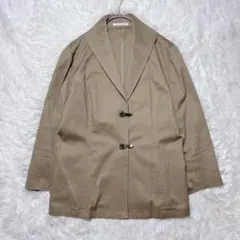 エルプラネット ジャケット 春秋アウター M オフィスカジュアル　ベージュ　長袖のサムネイル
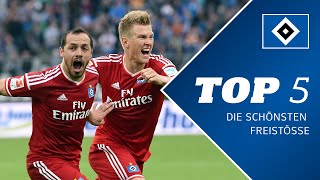 TOP 5  Die schönsten Freistöße des HSV [upl. by Acinorahs]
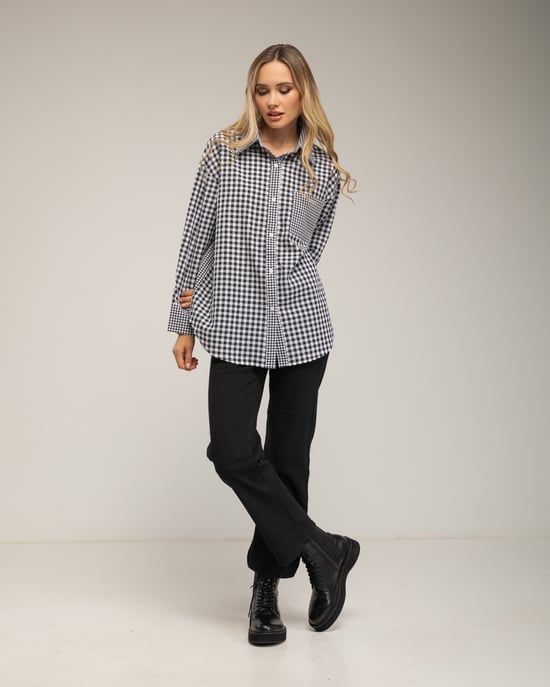 Camisa de cuadros vichy oversize - Image 4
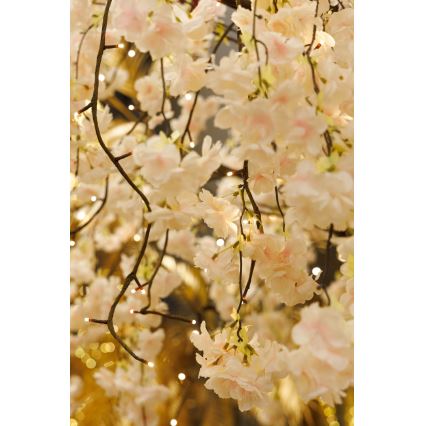 LED Albero artificiale decorativo di Natale CHERRY TREE 288xLED/230V 2,5 m ciliegio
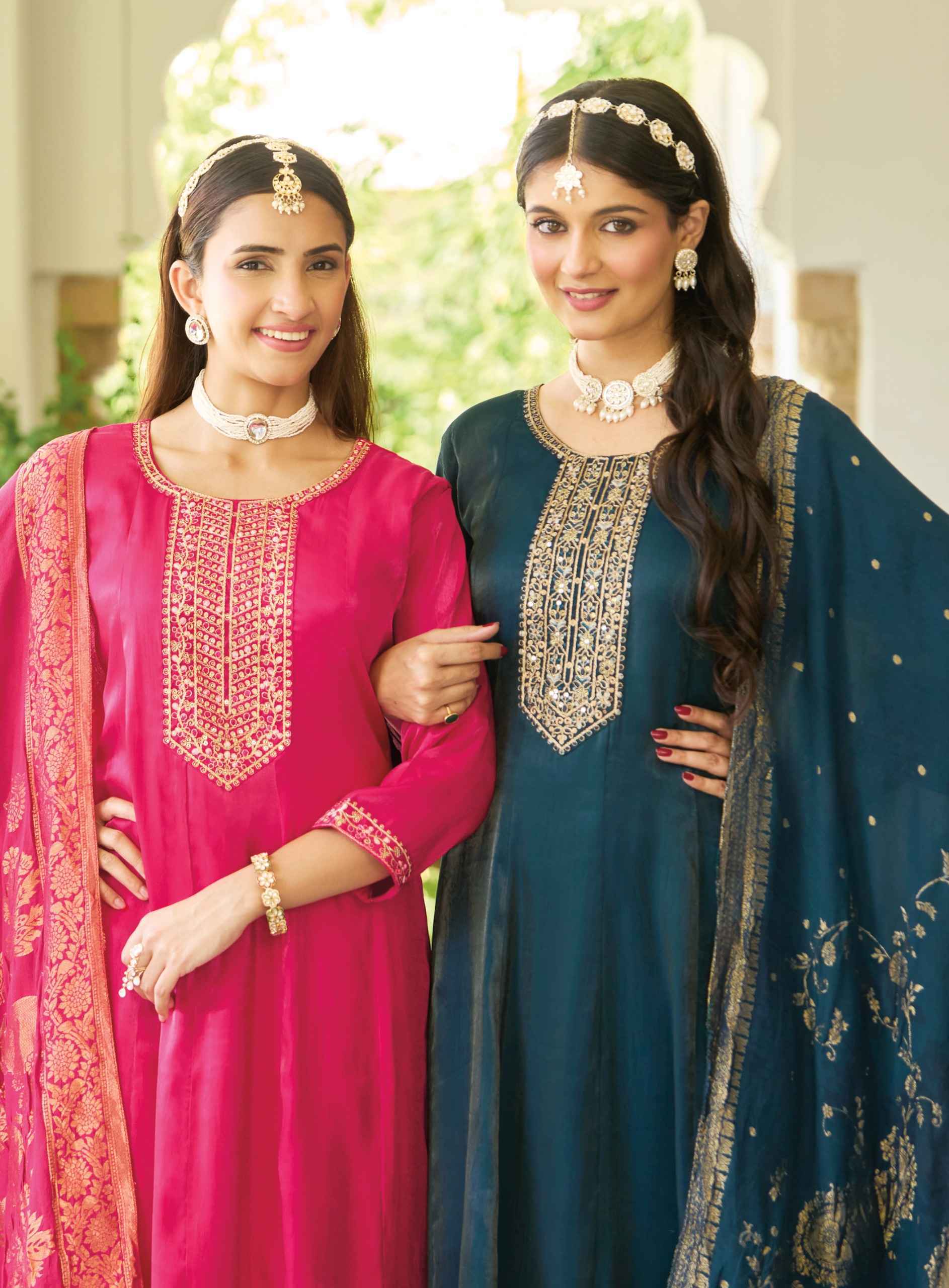 Radhika Lifestyle Sarika Vol 2 Roman Silk Kurti Comb 7 pcs Catalogue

### [Activity]
Please return only the lines from the one holding "Camisa de cuadros vichy oversize - Image 4" through the end of the data, both ends included; do not copy any pictures.

### [Response to this exercise]
 Camisa de cuadros vichy oversize - Image 4
 LED Albero artificiale decorativo di Natale CHERRY TREE 288xLED/230V 2,5 m ciliegio
 Radhika Lifestyle Sarika Vol 2 Roman Silk Kurti Comb 7 pcs Catalogue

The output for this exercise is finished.